Short web captions:
====================
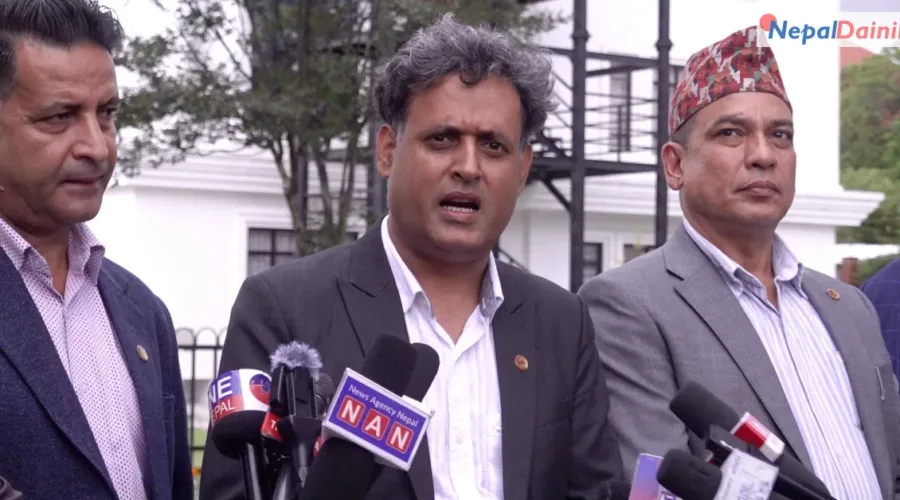 मान्छे निर्यात गरेर देश बन्दैन, वस्तु निर्यात बढाउनुपर्छ : अध्यक्ष पाण्डे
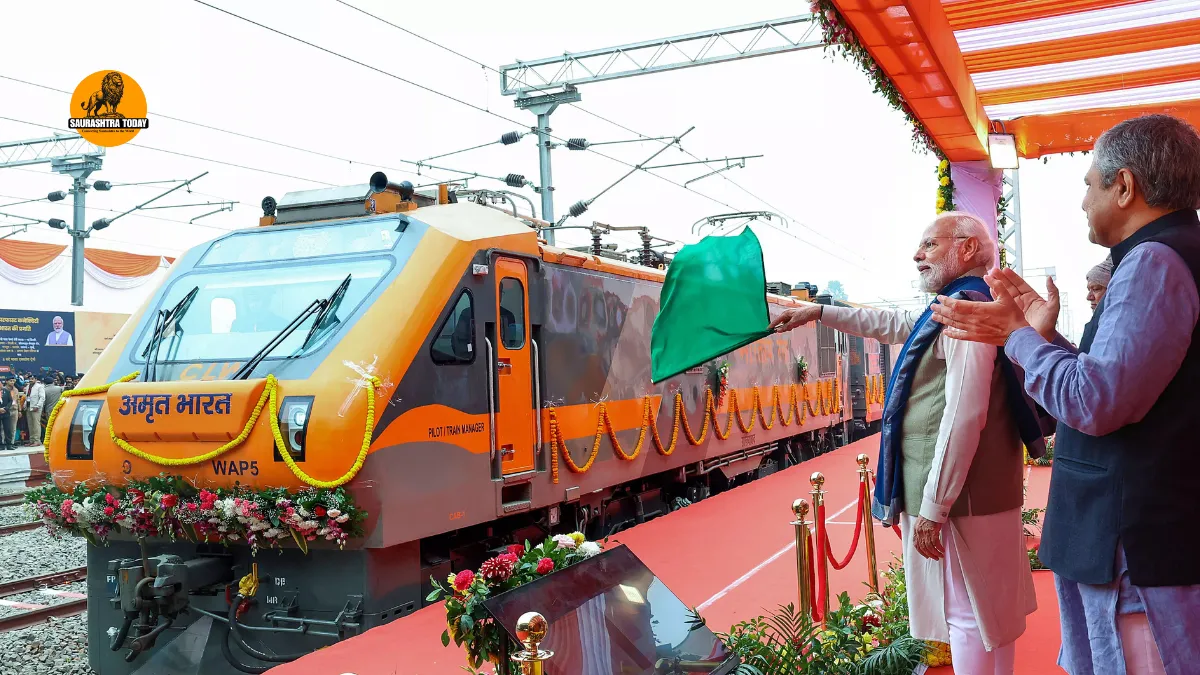 Amrit Bharat Express Route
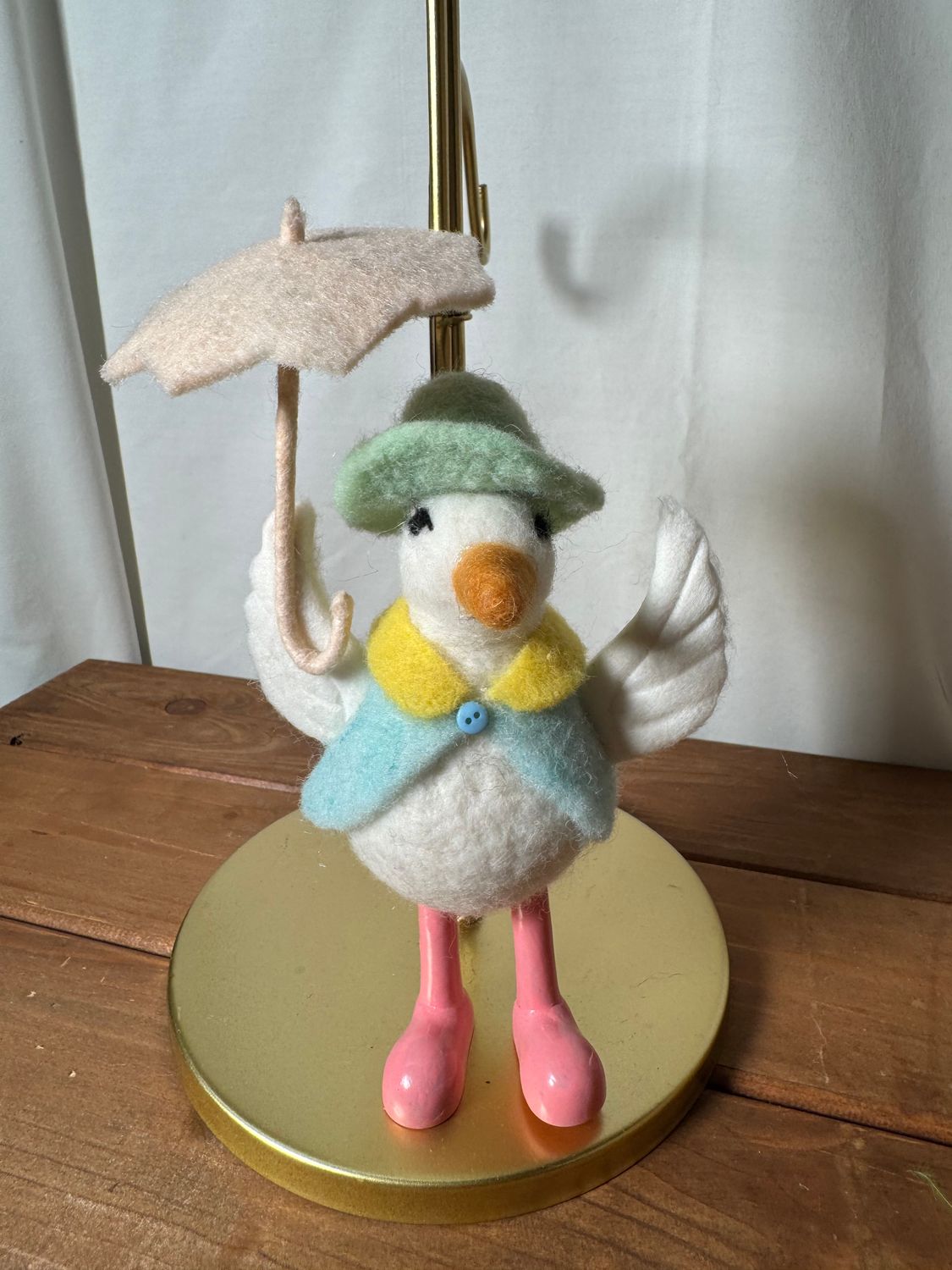 Felt Duck w/Umbrella Felt Duck w/Umbrella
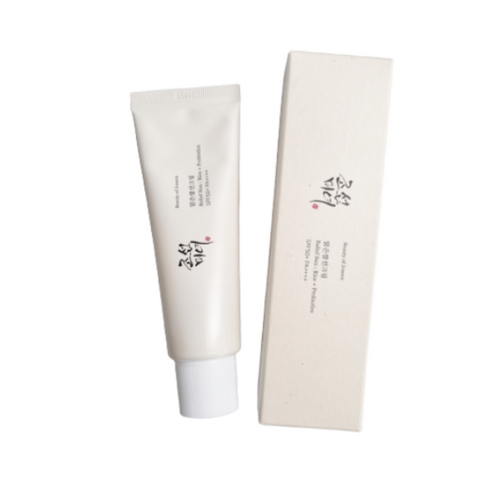 ☀️ 답답한 선크림은 이제 그만! 조선미녀 맑은쌀선크림 아쿠아프레쉬 솔직 후기 조선미녀맑은쌀선크림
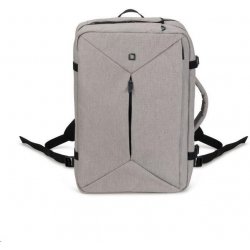 Dicota Backpack Dual Plus EDGE 13-15.6" D31716 light grey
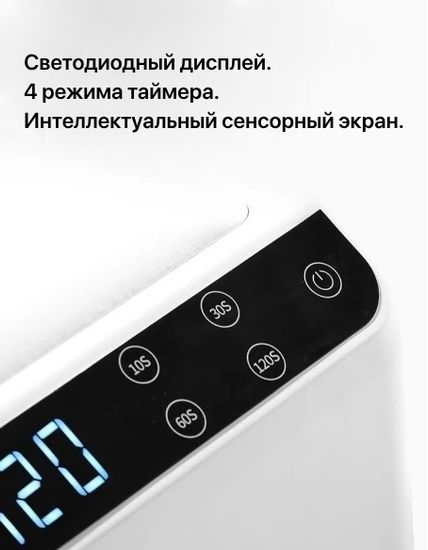 Лампа для сушки гель-лака SNRQI L6 72W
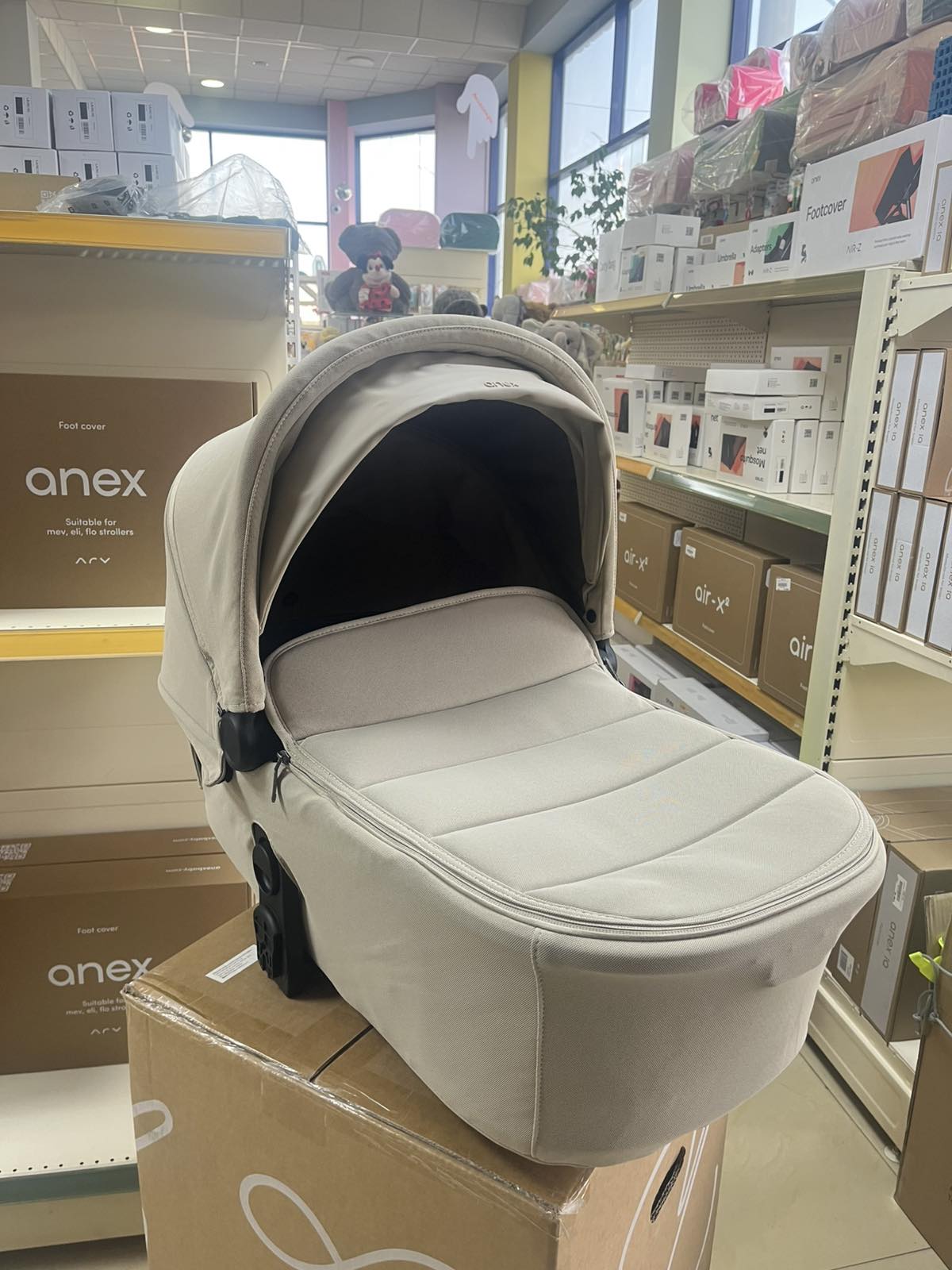 Anex-бебешка количка IQ Premium new /all in one/ Seal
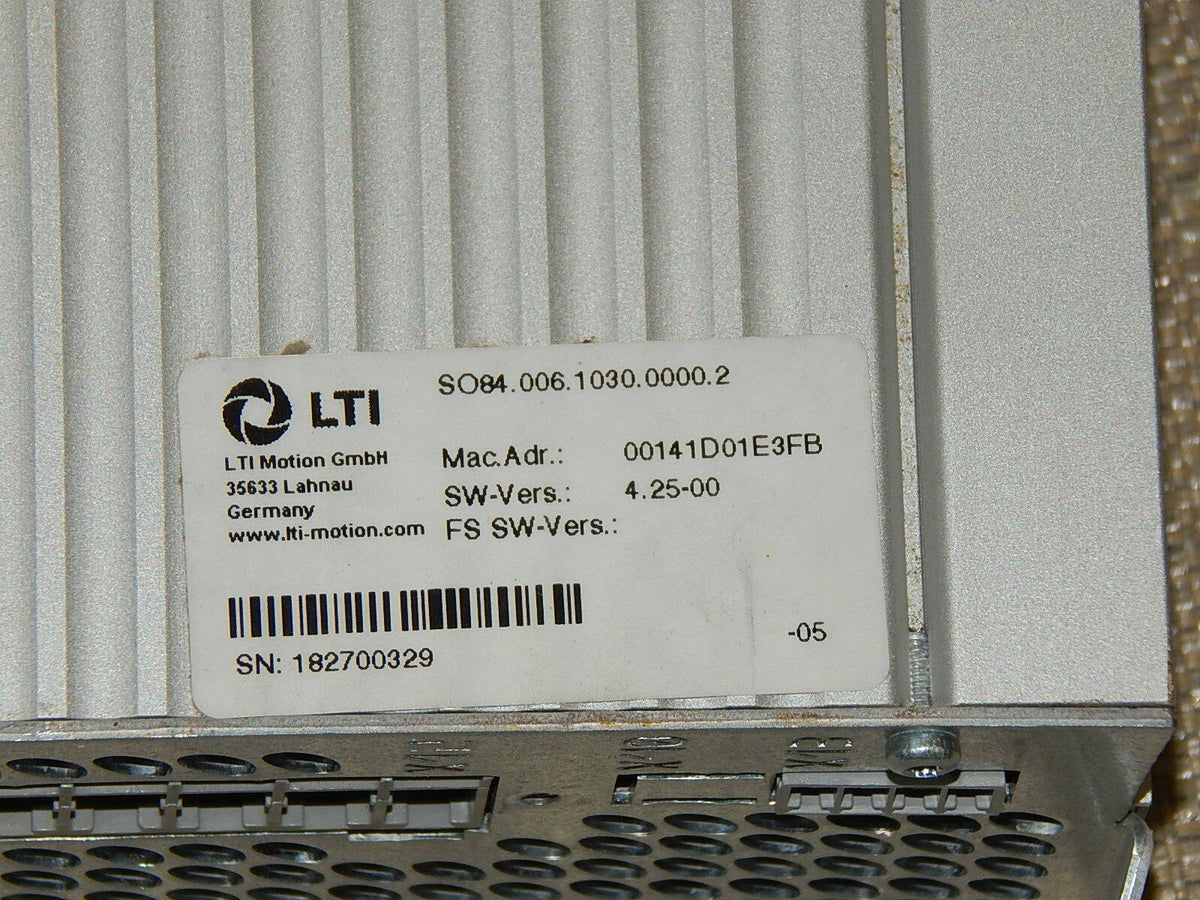 LTi  Motion DRiVES SO84.006.1030.0000.2 Used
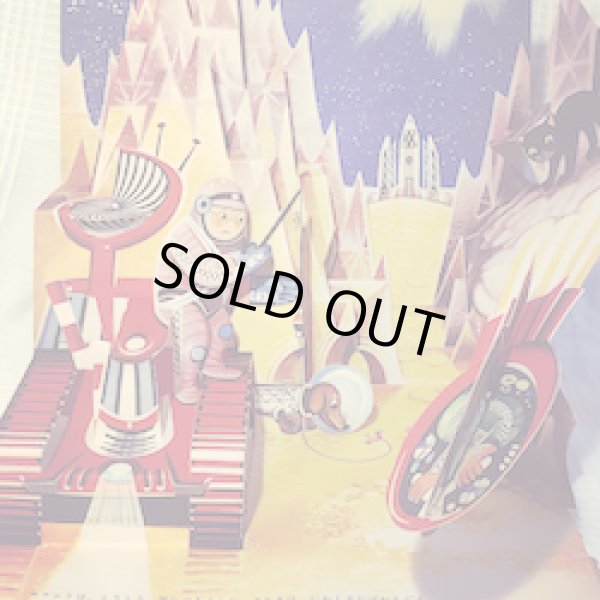 画像4: トップとタップ月ロケットにのる (4)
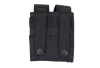 GFC Tactical - Doppel-Pistolenmagazin-Tasche - MOLLE - Nylon - Schwarz - GFT-19-001406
====================
WORK ITEM -> Any pictures are to be skipped, and the lines from the beginning of the entries through the line with "画像4: トップとタップ月ロケットにのる (4)" copied exactly.

RESPONSE AREA ->
 मान्छे निर्यात गरेर देश बन्दैन, वस्तु निर्यात बढाउनुपर्छ : अध्यक्ष पाण्डे
 Amrit Bharat Express Route
 Felt Duck w/Umbrella Felt Duck w/Umbrella
 ☀️ 답답한 선크림은 이제 그만! 조선미녀 맑은쌀선크림 아쿠아프레쉬 솔직 후기 조선미녀맑은쌀선크림
 Dicota Backpack Dual Plus EDGE 13-15.6" D31716 light grey
 Лампа для сушки гель-лака SNRQI L6 72W
 Anex-бебешка количка IQ Premium new /all in one/ Seal
 LTi  Motion DRiVES SO84.006.1030.0000.2 Used
 画像4: トップとタップ月ロケットにのる (4)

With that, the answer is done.